Georges Gachot kann für seine Aufklärungsarbeit aus dem Vollen schöpfen: Von keinem Jazzvirtuosen sind so viele Konzertaufzeichnungen und Talkshow-Auftritte überliefert wie von dem 1977 verstorbenen Garner. Der Dokumentarist wird nicht müde, dieses historische Material zu zitieren: als eine fortwährende Exposition, in der sich der Film des Gewichts seines Themas treuherzig versichert. Garners Temperament wird hier wuchtig spürbar. Das Spielen war für ihn eine fröhliche, schweißtreibende Arbeit an der Beglückung seines Publikums. Kein Stück spielte dieses Genie des Augenblicks zweimal auf die gleiche Weise. Er brauchte Mitspieler, die sich auf den Stegreif einlassen konnten – geprobt wurde oft erst beim Auftritt. Gachot hat das Glück, drei Überlebende dieses Furors vor die Kamera zu bekommen. Garners Schlagzeuger und zwei seiner Bassisten geben Auskunft über Freude und Pein ihrer Zusammenarbeit. Einmal entwickelt Gachot mit ihnen sogar eine eigene Idee, wie mit Garners Musikalität filmisch umzugehen wäre – als er sie die Aufnahme des Solos »Coquette« von 1952 postum begleiten lässt.
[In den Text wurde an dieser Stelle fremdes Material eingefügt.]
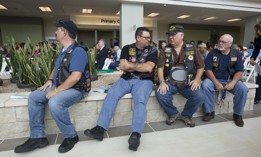 U.S. military veterans wait in the lobby area during the grand opening of a new Veteran's Administration VA Outpatient Clinic in southeast Austin, Texas, in 2013.
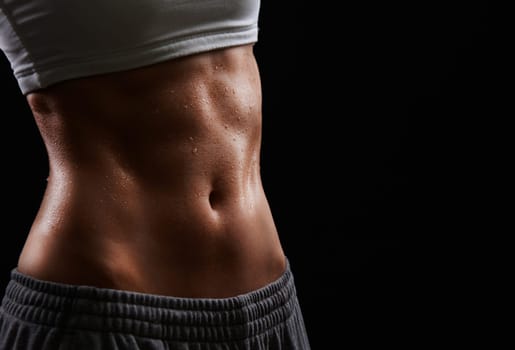 Wet torso of young woman wearing activewear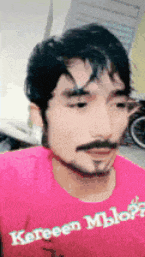 a man with a beard wears a pink shirt that says " kereen mblo " on it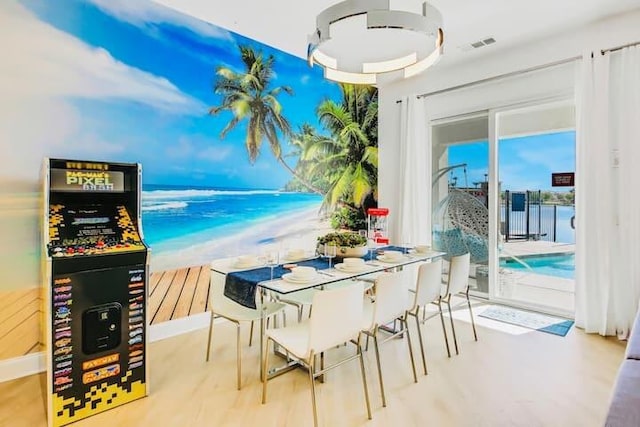 dining area featuring a water view, wood-type flooring, and plenty of natural light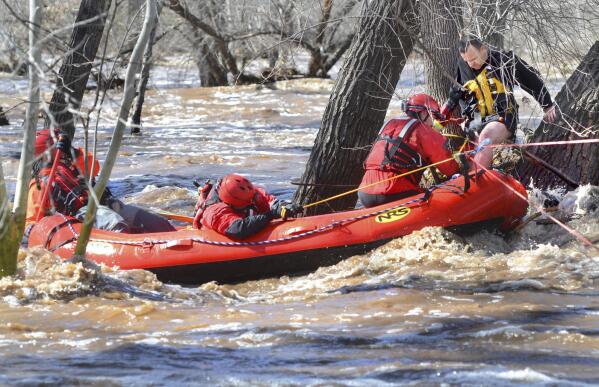 A man stuck in a tree is rescued by swift water teams from Copper Canyon Fire and Medical District, and the Verde Valley Fire District on Wednesday, March 22, 2023, in Camp Verde, Ariz. Several water rescues were reported across central and northern Arizona on Wednesday. (Vyto Starinskas/The Daily Courier via AP)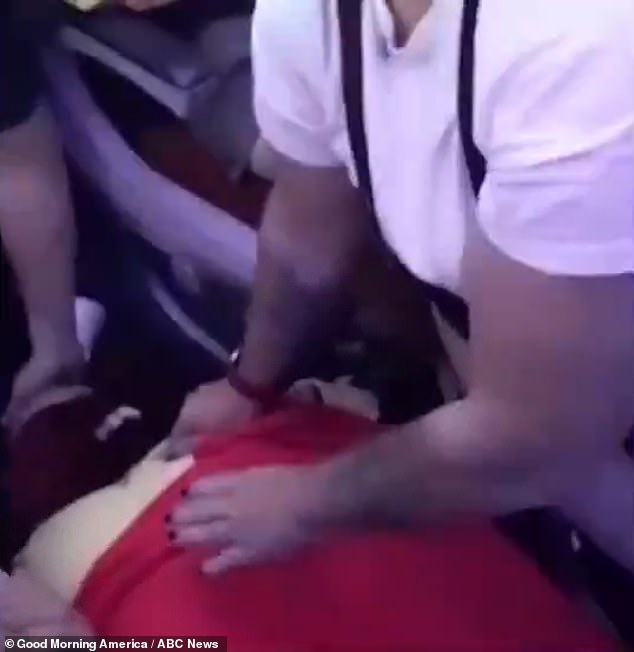 Fifty passengers were injured during the chaotic scenes, with 13 hospitalized with head and neck injuries and broken bones.  The photo shows an injured person during the flight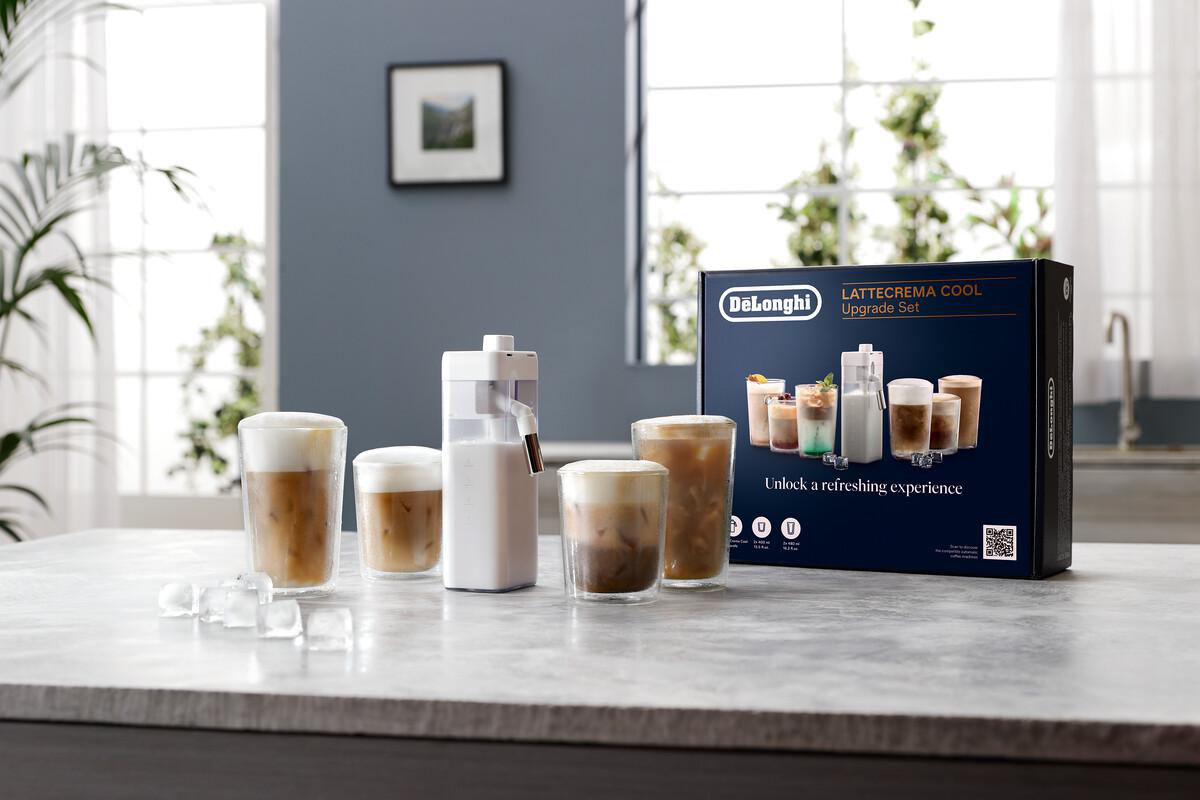 Ein DeLonghi LatteCrema Cool Set mit Eiskaffeegetränken, einem Milchaufschäumer und einer Box auf einer Marmoroberfläche.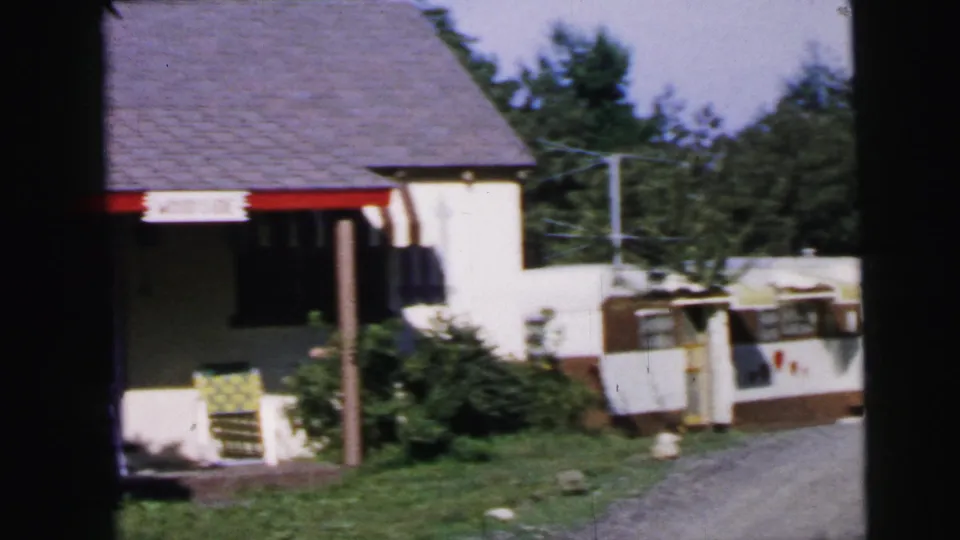 8mm home movie frame circa 1964 showing a modest suburban home exterior with red porch trim, a white-and-brown travel trailer, lawn chair, and summer trees, described as Camden, New Jersey.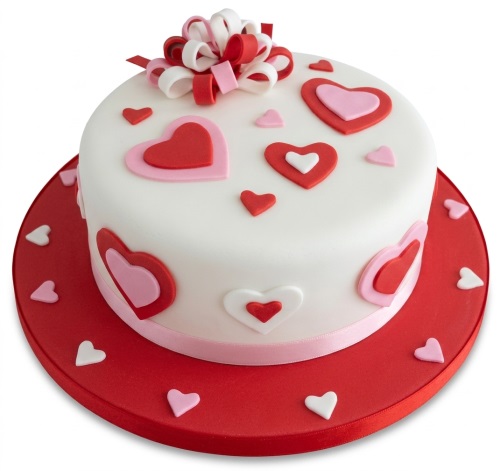 White round cake with red, pink, and white heart decorations and a ribbon bow.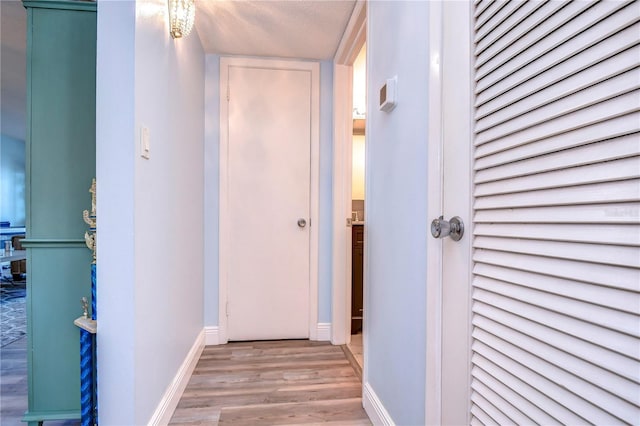 hallway with light hardwood / wood-style floors and a textured ceiling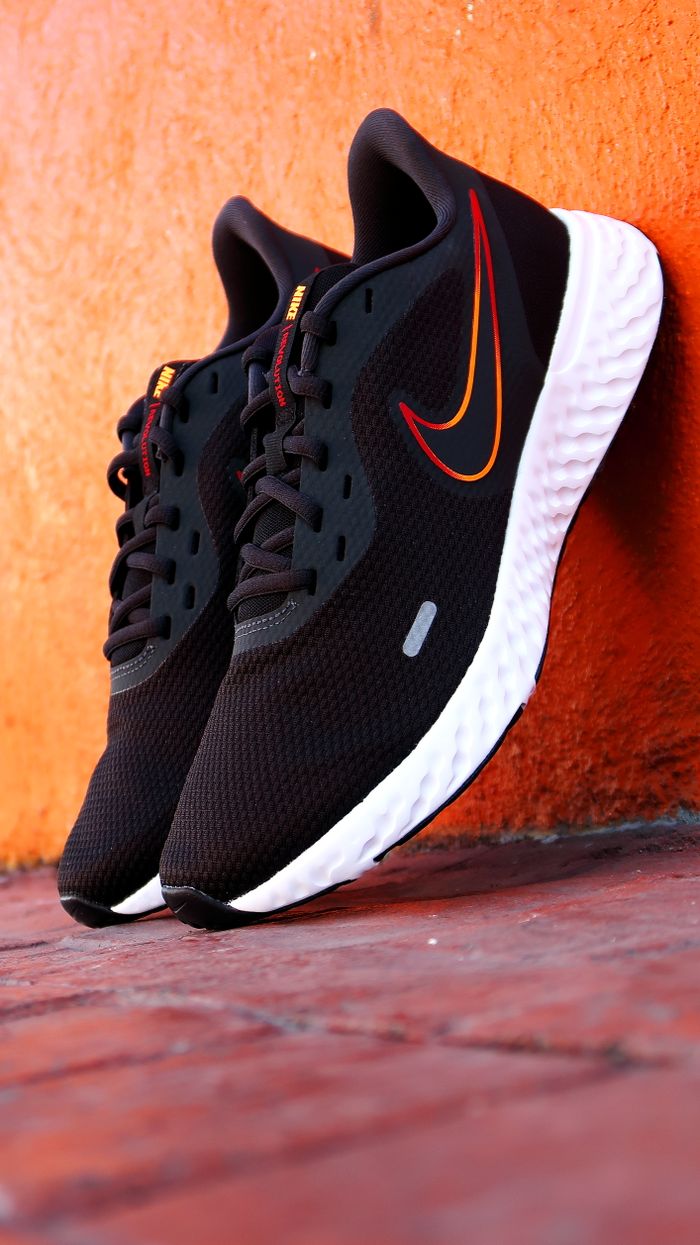 The Art of Drawing Readers In: Your attractive post title goes here Close-up of black running shoes with orange swoosh against an orange wall.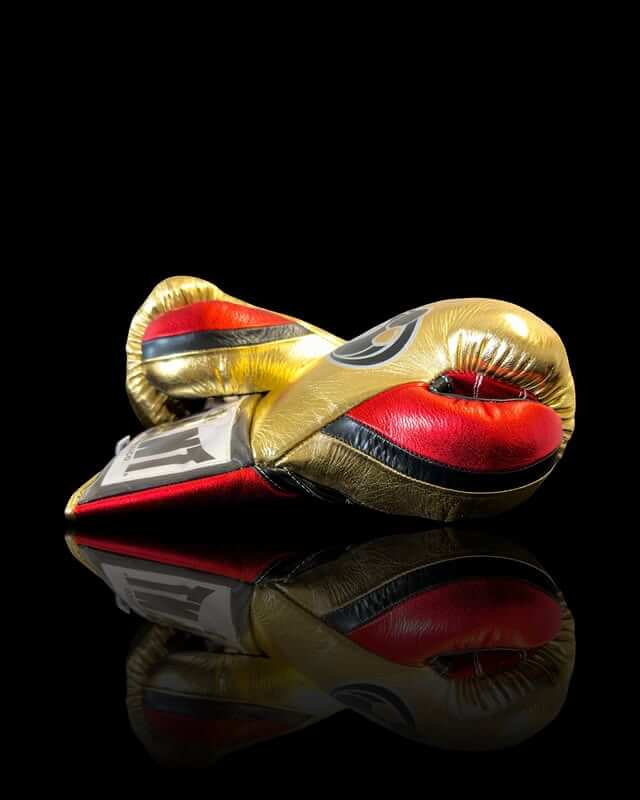 Grant Boxing Gloves in Gold/Red/Blue colorway - Professional Lace-Up training gloves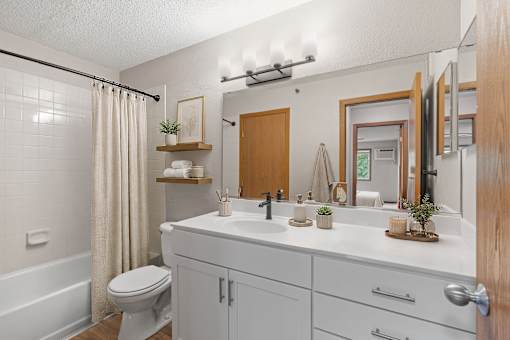 Bathroom in a newly renovated apartment home at Park Pointe Apartments in St. Louis Park, MN 55426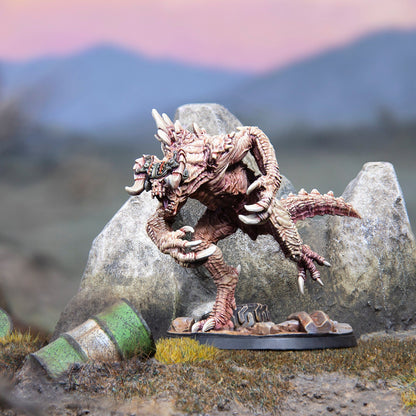 A detailed miniature of a beige bipedal monster with large claws and spikes stands on a rocky base in a barren landscape under a pink and blue sky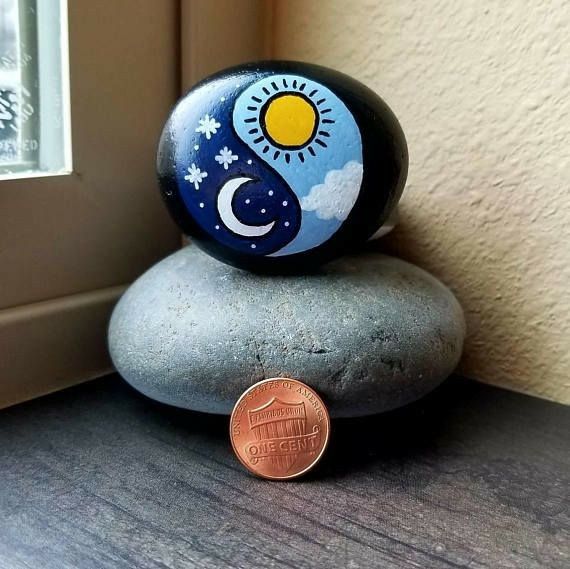 a coin sitting on top of a rock next to a window sill with the sun and moon painted on it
Noch ein zweiter Film gewinnt allmählich Kontur, der sich von den historischen Aufnahmen löst. In diesem erzählerischen Strang kommen Garners Tochter, die er nie anerkannte, sowie seine letzte Lebensgefährtin zu Wort. Hier tun sich emotionale Abgründe und Risse im überlieferten Bild auf. Der Nähe, die Gachot in diesen Passagen herstellen will, eignet zuweilen etwas Voyeuristisches. Gleichwohl setzt er in dieser inszenierten Intimität tiefe Verletzungen in ihr Recht, die sich nicht als bloße Melancholie dingfest machen lassen. Stimmungsvoll will sein Film allerdings sein. Dafür spannt er nicht zuletzt den großartigen Trompeter Nils Petter Molvaer ein, der zusätzliche Filmmusik komponiert hat. Derweil sucht Filip Zumbrunns Kamera an den Drehorten beharrlich nach Poesie. Als er ein Feuerwerk über der New Yorker Skyline einfängt, imitiert der Film gar den Auftakt zu Woody Allens »Manhattan«. Weshalb die Gegenwartsszenen zwischen Schwarz-Weiß und Farbe changieren, wird dabei nie ganz ersichtlich. Der Wechsel schärft die Wahrnehmung nicht, sondern bleibt eine visuelle Floskel.